|
|
|
|
|
by godelski
244 days ago
|
|
The problem is as soon as everyone returned to office they did care. Even while remote many employers acted like they were being cheated because employees would work less or distribute their work throughout the day. We have a tendency to scream crisis while stock prices and market caps rapidly rise. Every little downturn is evidence for the cry, but that doesn't change the trend. They keep saying that the share holders are the real customers and they seem to be doing perfectly fine regardless of if it's a hiring spree or firing. Regardless of if it's even a global pandemic. There's 4 companies worth more than $3T, one more than $4T. 11 are worth more than $1T. It's only been 7 years since we broke that $1T barrier. Most of the growth has happened recently too. Even Apple has had bigger swings since the pandemic. Idk, I don't think these companies are in trouble anywhere near what they claim. More concerning is this rapid growth in value without corresponding game changing products. Sure, we got AI but it hasn't changed the game like the iPhone did. I'd give up AI a lot sooner than I'd give up my smartphone, even if all it did was make calls, play music, and have a web browser. A pocket computer is very handy |
|
CEOs and middle-management are loud and clear: get back to the office/work yourselves to the bone. I've never had to attend so many pointless Teams calls just to prove presence... until this started making the rounds. I've been WFH for nearly ten years. I didn't stop caring until they started. Funny, isn't it?

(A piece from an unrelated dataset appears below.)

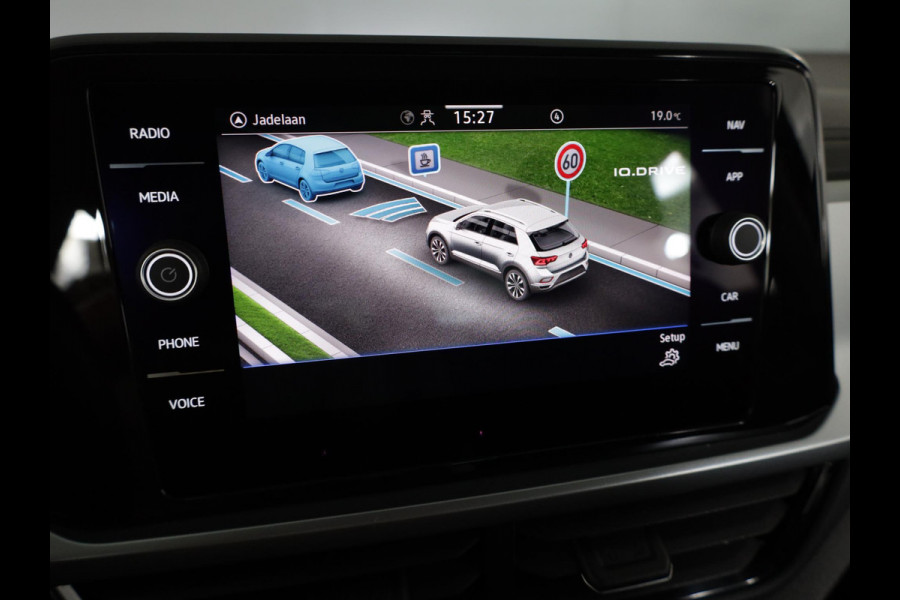 Volkswagen T-Roc 1.0 TSI Life 75 Edition 110pk 6bak| Navi| 17'LM-velgen| Camera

Anyway, we're rambling a bit. Why such a soft apologist? They care. And? These still mean the same thing as fifty years ago: 'salary', 'exempt', and 'at will'. If you mean the peers: well, comparison remains the thief of joy. Management probably also wouldn't want us discussing comp, eh?
I hope my point is clear, it's not our place to worry. This is a business transaction, the terms were well-defined. A coworker being upset that you Did Good and Was Rewarded is insanity. Go after the employer, not your peer.